My problem comes in SUBCASE 2 in both CASE 1 and CASE 2, it is the same problem...

(i) E=1, d=1, only one color is needed to color one edge, base case satisfied.

(ii) Induction Hypothesis: A graph G with E=n can be colored with d or d+1 colors, show that a graph H with E=n+1 can be colored using d or d+1 colors.

CASE 1: The new edge is drawn in graph G to a vertex with degree d...

SUBCASE 1: Graph G has d colors. Since there are d colors, any vertex of degree d must have EVERY color edge drawn to it. Adding a new edge to it must require a new color, and it can be drawn to any other vertex since it is a new color, thus there are d+1 colors in the graph H with E=n+1 edges and the maximum degree of any vertex in H is now d+1.

SUBCASE 2: Graph G has d+1 colors. Since there are d+1 colors, no vertex can have every color since the max degree is d. Any vertex of degree d is missing a color, and thus every vertex must be missing a color. Draw the new edge with the missing color to one of the other vertices missing that color (first problem, how can I prove that there must be two vertices missing that color, the one of degree d and the one I am drawing it to? Do I need to draw it to an existing vertex, or can I create a new vertex?). Thus, you have graph H with E=n+1 edges that is colored with d+1 colors and a new maximum degree in H of d+1.

CASE 2: The new edge is not drawn in graph G from a vertex with degree d.

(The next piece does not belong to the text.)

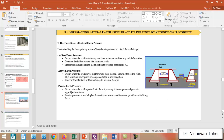For passive earth pressure, it occurs when the wall is pushed into the soil. In the same example, when the soil behind the retaining wall pushes the wall, the soil in front of the wall is also pushed. The wall pushes the soil in front, and this type of earth pressure is called passive earth pressure.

SUBCASE 1: Graph G has d colors. Choose vertex A such that its degree is d' < d, then draw a new edge from vertex A to any vertex B whose degree d" < d in G, if the vertex B has that color, use a new color not in d, or if the vertex B does not have the color, no new color is needed. Either there are d+1 colors in the new graph H with E=n+1 edges or there are d colors in the graph H with E=n+1 edges.

SUBCASE 2: Graph G has d+1 colors. No vertex can have every color since there are d+1 colors and the maximum degree is d. Choose vertex A such that its degree is d' < d. This vertex must be missing at least two colors, choose one and draw an edge of that color to any other vertex B whose degree d" < d in G that is missing that color as well (again, same problem, how do I prove that there is a second degree missing that color, or do I even need a second degree and can I draw it to a new vertex?). Thus, you have graph H with E=n+1 edges and d+1 colors with maximum degree d.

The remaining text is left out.